The Transformation of Gothic Conventions in the (Proto)Modernist Text
DOI:
https://doi.org/10.55804/jtsu-2960-9461-2023-20Keywords:
Gothic, gothic conventions, gothic modernism, Joseph ConradAbstract
The purpose of the present essay is to demonstrate the ways in which gothic conventions are transformed and modified in the modernist text. In particular, it focuses on Joseph Conrad’s proto-modernist novella Heart of Darkness that paved the way for gothic modernism.
The formation of the gothic traditions begins with the publication of the first Gothic novel, Horace Walpole’s The Castle of Otranto (1764). The gothic tradition was shaped by the conventions that were subject to numerous transformations by different literary movements at different times. Needless to say, they underwent experimentation and modification/s within the framework of conceptual-aesthetic paradigm of modernism.
The range of the modifications of what can be categorized or defined as the Gothic in literature is so wide that it is practically impossible to provide its exhaustive classification. Therefore, the whatness of the gothic in literature is still hotly debated in literary scholarship. There are many different, sometimes conflicting and mutually exclusive, opinions on certain problematic issues concerning the gothic tradition.
The gothic or horror novel is a kind of reaction to the ideas of the "age of reason", an expression of the crisis of Enlightenment. Gothic fiction is associated with the Romantic movement which emphasized intense emotional experience often in a wild and scary, bizarre setting. Gothic literature emphasizes the dark side of human existence such as horror and death. In many novels and stories that we categorize as gothic the environment plays a crucial role. Gothic romance is usually characterized by the unique fusion of the fantasy and reality, ordinary and extraordinary, tragic and comic, natural and supernatural, bizarre and commonplace. The plot is complex puzzle, a kind of labyrinth intriguing and perplexing the reader’s mind. The motives of the "cursed family," supernatural/mysterious phenomena, revenge, death, alienation, pervert sexuality and incest are widely used in gothic fiction.

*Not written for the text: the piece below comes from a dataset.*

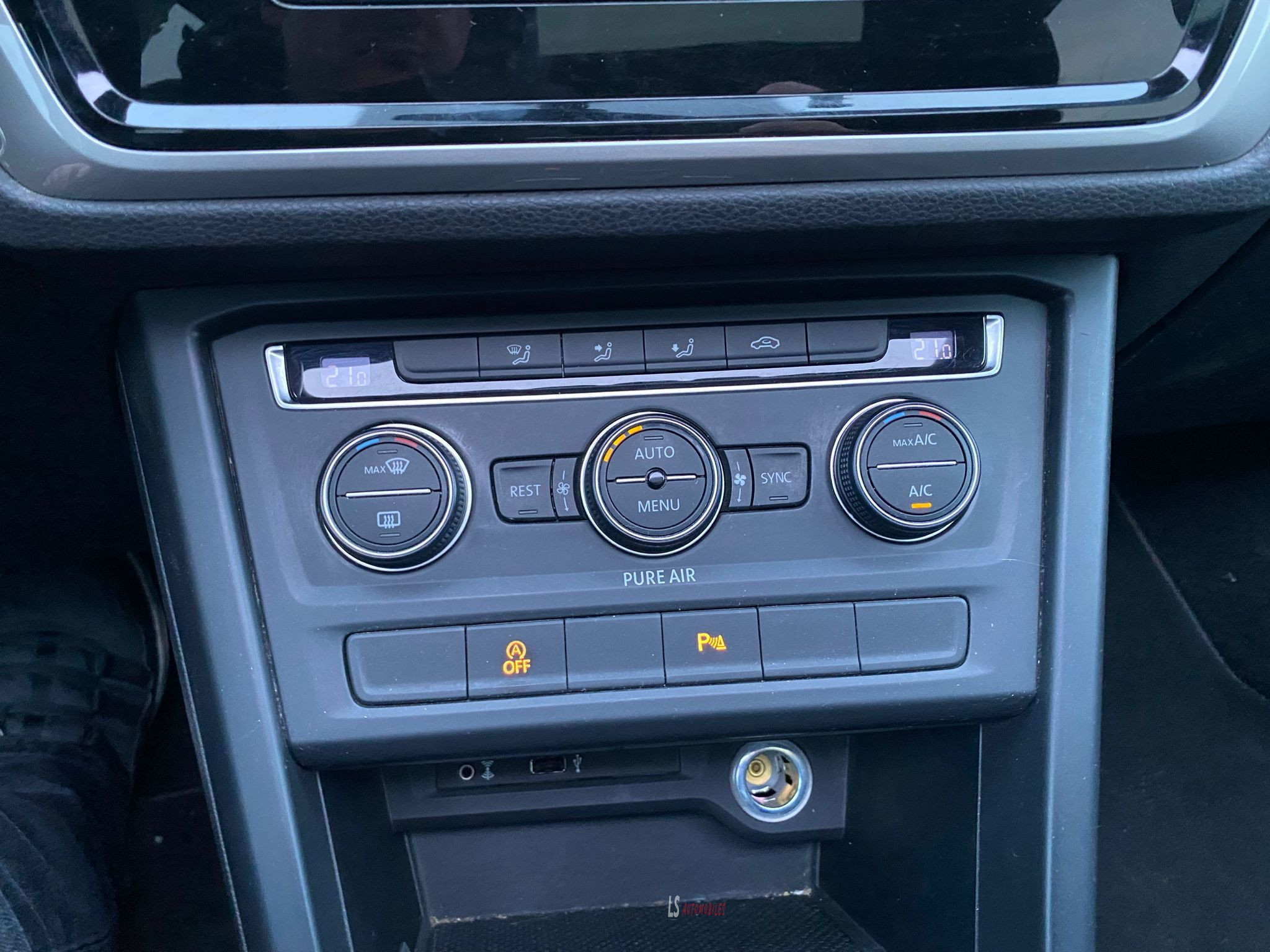 
								VOLKSWAGEN TOURAN full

Gothic prose as an important precursor of romanticism focuses on the conflicts between the natural and the supernatural, mysticism and the material world, religion and science, death and life, tyranny and the oppressed, the enslaving socio-political system and the free individual, the hierarchy and individualism, authoritarianism and liberalism. Fusing real with fictional and supernatural with natural, it gives rise to the imaginative realism. Dreams, nightmares, phantasmagorical visions, hallucinations, the interweaving of folk narratives and reality are integral constituents of the gothic realm.
Joseph Conrad as a pre-modernist author paves the way for gothic modernism by intentionally modifying conventional language and idiom of the literary gothic. In his novella Heart of Darkness the monsters, ghosts and monstrous supernatural beings of traditional gothic literature are transformed into an alternative version of the narrativization of history which was previously repressed by the authorized version of history. They turn into immaterial figures that remain in the periphery of our consciousness.

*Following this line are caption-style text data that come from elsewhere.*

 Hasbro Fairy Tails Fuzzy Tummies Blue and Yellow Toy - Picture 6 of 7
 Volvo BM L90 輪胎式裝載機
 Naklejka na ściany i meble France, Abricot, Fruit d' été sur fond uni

Conrad anticipates cultural, political, and aesthetic dimensions of modernism not only by questioning the past but by drawing as well on a wealth of cultural material and precursor genres rooted in the gothic tradition. Gothic modernism as shaped by Conrad presents multiple perspectives on thematically disparate yet culturally intertwined issues such as ethnicity and espionage, consciousness and electricity, formalism and sensation, and homosexuality and tourism. The novella, psychological exploration of the horrors of empire set in the Congo, is full of gothic imagery and symbolism. As an early or proto-modernist writer Conrad moves away from the gothic traditions as well as Edwardian writing conventions and towards the experimentations associated with the modernist movement.